Gerardo eligió el pescado frito ($240) que parecía la caricatura de un barco de vela oriental destartalado pintado en un papiro viejo. Veamos, era el pescado entero, frito, montado en el plato simulando movimiento pero con el lomo ligeramente desprendido de donde salía la salsa de tres chiles de color rojo sanguinolento, con una rodaja de limón asado, muy fuera de los lineamientos de la estética oriental. Y para colmo estaba pasado de cocción, lo que le aportaba una textura seca y pastosa.
Así que Gerardo lo regresó a la cocina de los Piratas del Caribe, de la que jamás debió haber salido, y mejor pidió el pescado al vapor ($220) con salsa de lima, que a diferencia del monstruo frito, tenía una buena presentación, excelente cocción y un sabor exquisito.
Para maridar nos llamaron la atención los dos únicos vinos rosados por copeo que ofrecía la extensa carta: uno mexicano y otro francés, los dos malísimos.
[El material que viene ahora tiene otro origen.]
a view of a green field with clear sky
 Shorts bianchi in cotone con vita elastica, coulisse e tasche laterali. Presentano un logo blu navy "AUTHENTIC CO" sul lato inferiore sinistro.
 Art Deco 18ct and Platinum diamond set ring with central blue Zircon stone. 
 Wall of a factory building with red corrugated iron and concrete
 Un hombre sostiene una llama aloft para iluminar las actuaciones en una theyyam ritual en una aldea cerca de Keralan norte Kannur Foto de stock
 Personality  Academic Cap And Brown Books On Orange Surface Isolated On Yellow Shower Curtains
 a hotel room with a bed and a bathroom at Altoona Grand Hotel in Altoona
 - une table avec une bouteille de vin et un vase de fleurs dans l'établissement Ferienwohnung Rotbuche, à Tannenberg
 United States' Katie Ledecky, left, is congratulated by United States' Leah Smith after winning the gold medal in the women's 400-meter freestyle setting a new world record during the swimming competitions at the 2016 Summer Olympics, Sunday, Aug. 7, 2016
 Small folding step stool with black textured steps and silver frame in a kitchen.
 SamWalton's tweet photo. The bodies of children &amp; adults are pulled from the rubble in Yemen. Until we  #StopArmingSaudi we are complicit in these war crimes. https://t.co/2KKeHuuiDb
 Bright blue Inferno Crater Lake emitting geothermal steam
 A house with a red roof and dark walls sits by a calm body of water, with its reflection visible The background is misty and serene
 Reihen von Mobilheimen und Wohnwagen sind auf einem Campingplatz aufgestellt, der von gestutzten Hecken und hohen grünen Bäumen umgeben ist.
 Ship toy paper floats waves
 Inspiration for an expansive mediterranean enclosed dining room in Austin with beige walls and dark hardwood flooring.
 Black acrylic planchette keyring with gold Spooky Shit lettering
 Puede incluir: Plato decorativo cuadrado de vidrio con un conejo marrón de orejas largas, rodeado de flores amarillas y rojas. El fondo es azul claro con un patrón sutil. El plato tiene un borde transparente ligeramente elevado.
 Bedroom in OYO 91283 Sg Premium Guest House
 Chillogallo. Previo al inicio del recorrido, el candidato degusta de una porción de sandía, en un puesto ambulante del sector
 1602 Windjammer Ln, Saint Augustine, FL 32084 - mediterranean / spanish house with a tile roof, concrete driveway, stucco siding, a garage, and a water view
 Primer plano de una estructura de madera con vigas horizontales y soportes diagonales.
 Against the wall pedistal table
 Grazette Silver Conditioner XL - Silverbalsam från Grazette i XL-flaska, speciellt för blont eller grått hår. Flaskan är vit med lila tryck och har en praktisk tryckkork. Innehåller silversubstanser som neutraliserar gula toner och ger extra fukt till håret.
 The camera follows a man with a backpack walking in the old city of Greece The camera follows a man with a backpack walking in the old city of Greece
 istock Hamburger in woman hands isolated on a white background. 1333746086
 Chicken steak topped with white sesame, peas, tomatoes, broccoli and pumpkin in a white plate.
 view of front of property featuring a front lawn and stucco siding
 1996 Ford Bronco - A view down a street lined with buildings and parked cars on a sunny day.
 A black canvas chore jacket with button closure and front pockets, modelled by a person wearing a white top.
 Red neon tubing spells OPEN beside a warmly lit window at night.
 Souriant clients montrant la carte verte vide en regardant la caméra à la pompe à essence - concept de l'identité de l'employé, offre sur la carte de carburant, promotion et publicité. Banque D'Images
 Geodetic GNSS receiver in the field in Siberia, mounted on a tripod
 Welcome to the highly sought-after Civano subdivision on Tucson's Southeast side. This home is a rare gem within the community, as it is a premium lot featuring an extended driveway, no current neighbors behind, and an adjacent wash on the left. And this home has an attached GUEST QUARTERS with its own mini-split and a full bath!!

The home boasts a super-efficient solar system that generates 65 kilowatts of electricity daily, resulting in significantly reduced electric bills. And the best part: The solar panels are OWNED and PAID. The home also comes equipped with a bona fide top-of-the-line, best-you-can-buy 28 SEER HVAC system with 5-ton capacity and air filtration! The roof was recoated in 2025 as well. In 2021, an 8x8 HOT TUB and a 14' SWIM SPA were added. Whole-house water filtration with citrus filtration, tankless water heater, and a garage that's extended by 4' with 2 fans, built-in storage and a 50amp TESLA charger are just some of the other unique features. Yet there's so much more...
Afortunadamente uno de nuestros tres meseros de cabecera se ofreció a dárnoslo a probar antes y nos ahorro la molestia de regresarlo. Pedimos entonces un blanco Izadi ($95 la copa), de la Rioja, que era un coupage de Viuda (80 por ciento) y malvados (20 por ciento). Éste sí era un vino con cuerpo y barrica presente. También pedimos una copa de Emblema ($110), de Ensenada, Baja California y otra de Chateau Camou, del Valle de Guadalupe, también en Ensenada. Estos caldos fueron la mejor elección, pues sí resaltaban los sabores de los platillos.
De postre, Sonia ordenó la tapioca con leche de coco y helado ($75), que era excelente de sabor y textura, aunque la presentación no era muy esforzada. Gerardo pidió selección de frutas frescas que el chef elige ($75) que efectivamente estaban muy frescas y le permitieron al menos guardar un sabor dulce en la boca sin tener que saturarse de azúcar.
Rematamos con un té de hierba limón ($45) a los que Sonia pidió que les añadieran un trozo de jengibre lo que le dio un toque excelente.
Cuando nos trajeron la cuenta vimos que había un cargo por servicio de $35 por persona, que en un lugar en donde cobran el aguan mineral Perrier a $55 parece un exceso.
La experiencia no fue mala, pero Sonia salió con la convicción con la que había entrado y que transmitió a Gerardo, pues durante todo el servicio existieron detalles que indicaban la falta de personalización con un trato bueno, pero frío, que tiraba más a lo industrializado. Nada que te hiciera sentir especial, excepto la compañía.